## WHAT IS EXPECTED
Once the line containing "Veste zippée coupe décontractée pour femme" is found in the material below, it and every line after it should be transcribed exactly, with pictures left out and nothing added.

## INFORMATION PROVIDED
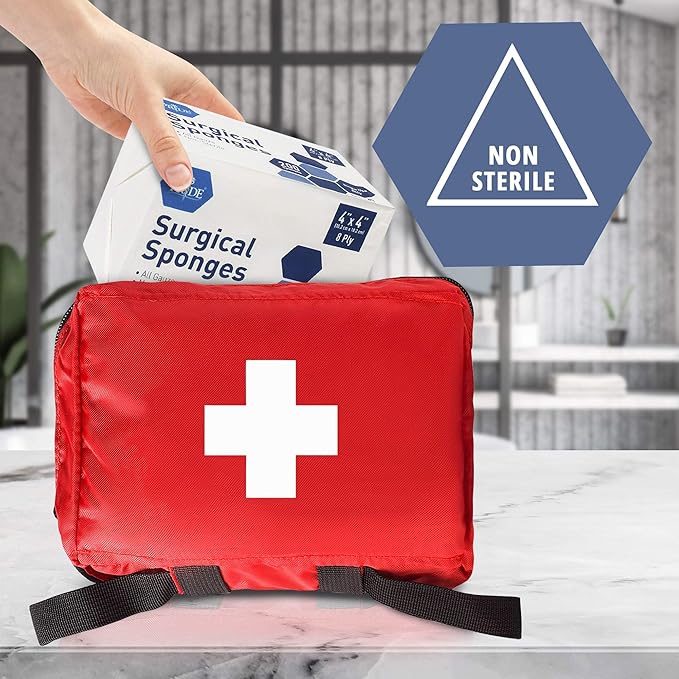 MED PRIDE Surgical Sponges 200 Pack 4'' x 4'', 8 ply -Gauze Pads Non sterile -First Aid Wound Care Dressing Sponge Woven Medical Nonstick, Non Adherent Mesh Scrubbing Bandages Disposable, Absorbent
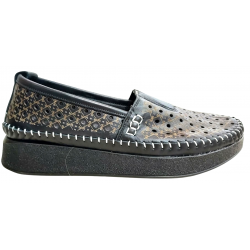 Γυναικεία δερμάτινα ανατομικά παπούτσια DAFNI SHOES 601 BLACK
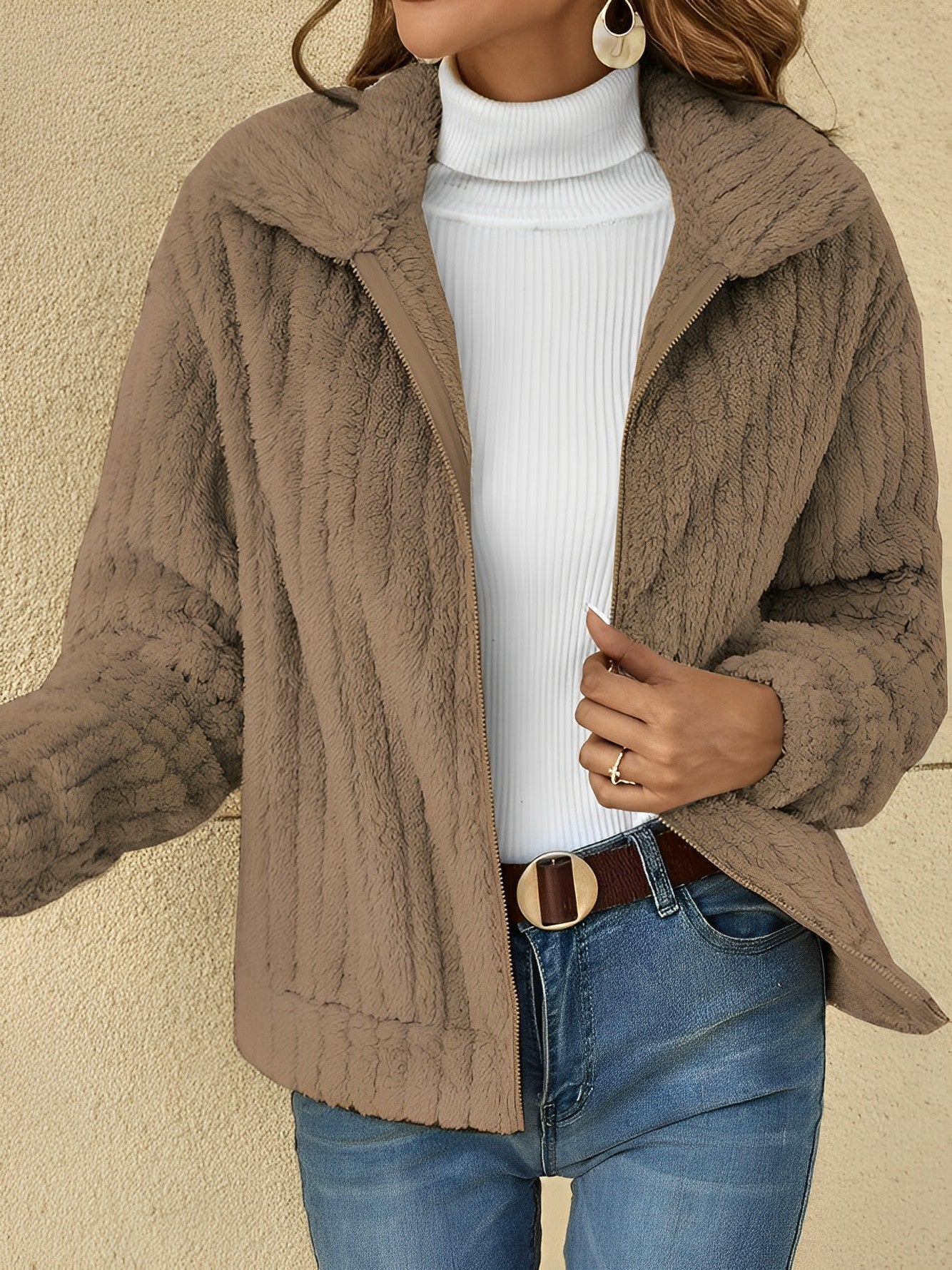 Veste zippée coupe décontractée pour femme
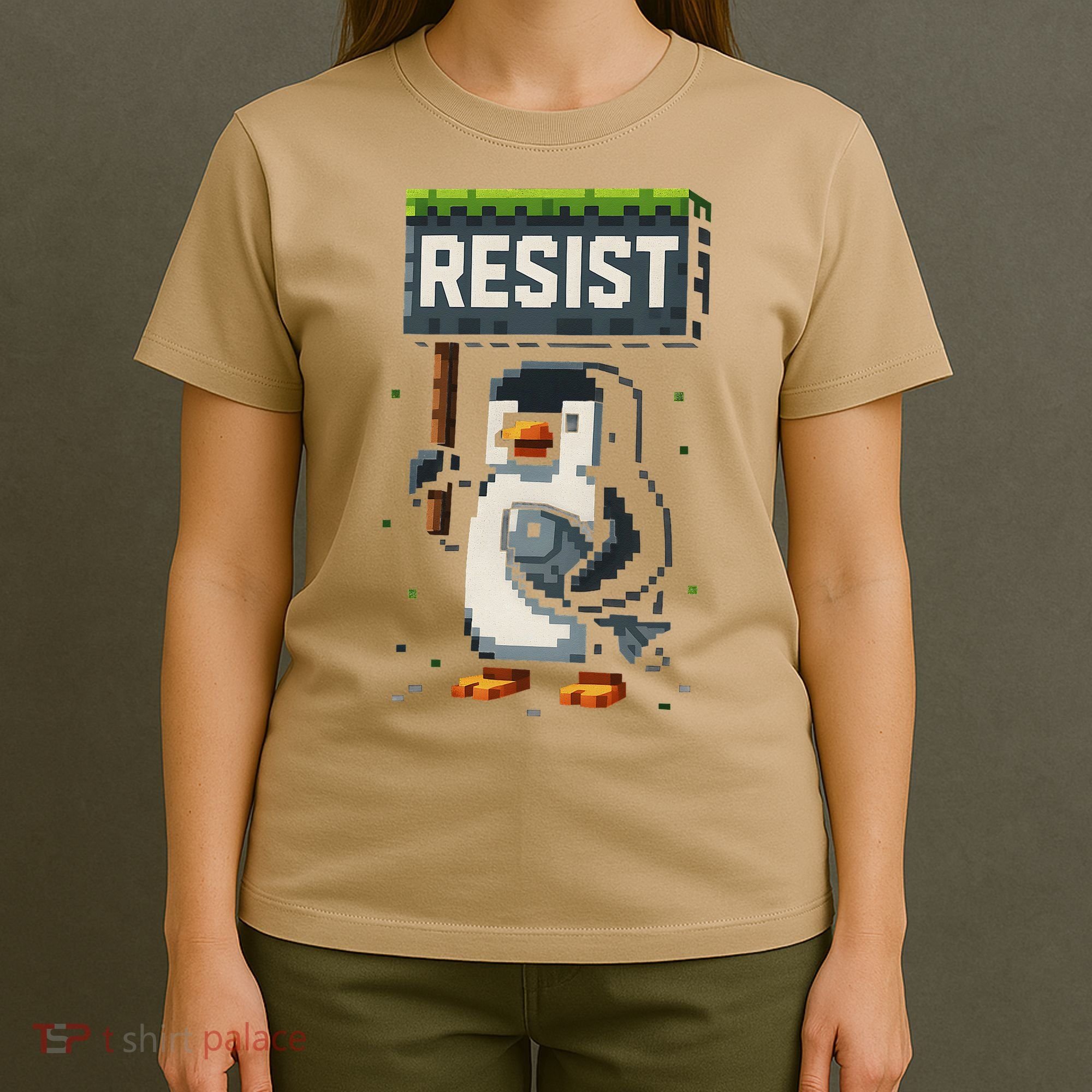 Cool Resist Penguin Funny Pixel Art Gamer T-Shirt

## RESULT
 Veste zippée coupe décontractée pour femme
 Cool Resist Penguin Funny Pixel Art Gamer T-Shirt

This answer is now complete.